One example in the public space is that 25,000 doctor days are currently spent on assuring credentials. It is extraordinarily important: you want to know that the person operating on you, or consulting you, has the qualifications, the expertise, the experience, the skills that they are holding out that they have. With a very simple technological solution, those 25,000 doctor days could be collapsed into a matter of minutes. Those 25,000 days thus become converted into care. So will the Minister, when he comes to wind up, say what is being done across Whitehall, across the whole public sector, to ensure that all these potential benefits—yes, from AI, but from all these emerging technologies—are being considered, to give us the public sector, the public services, the National Health Service that we could have if we rightly lead on these technologies, with talent leading the possibilities that these technologies can bring to us?

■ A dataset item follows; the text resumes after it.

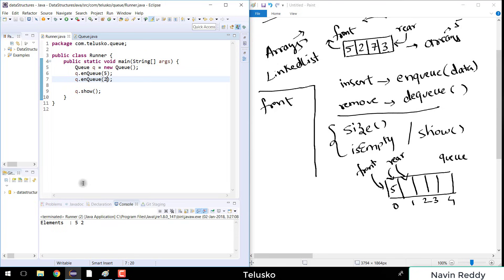But the question arises: how will you remove an element? And what happens when you go beyond the size? If you insert seven values, it will give you the very famous array index out of bounds exception. How to handle that, we'll see in the next video.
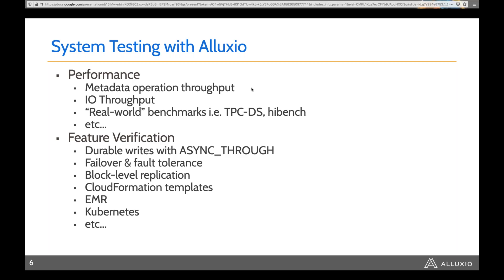For feature verification, we test things like durable writes with async-through — where your data is typically written only to memory, but if you want it durable in case of node failure, you want multiple replicas. We also do failover and fault tolerance tests where we bring up a cluster of three to five masters and keep killing masters over and over to make sure the cluster is still operational after killing and bringing them back up. We also test replication and our integrations with CloudFormation, EMR, and Kubernetes. That gives you an idea of the tests we run on a nightly basis.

As I said earlier, these technologies are nothing without data, but they will become nothing whatever without proving themselves trustworthy. Has the Minister considered such approaches as the alignment assemblies in Taiwan and other approaches to public engagement? Without that, how can we have fully informed and engaged citizens? How will we get the optimum benefits for all from these technologies? If everyone is not enabled to benefit, the benefits will fall far short of their potential.
Finally, I welcome the Bletchley summit, largely for this point alone. Two generations ago, a diverse and talented team gathered at Bletchley Park in one of the darkest hours of our human history. Through their diverse talents leading the technologies, they more than helped defeat the Nazis. When the Minister comes to wind up, will he agree that, if we have the enabled talent leading these new technologies, we can not only fully address some of the darkest issues of our times but really turn up the light and drive economic, social and psychological benefit for centuries to come?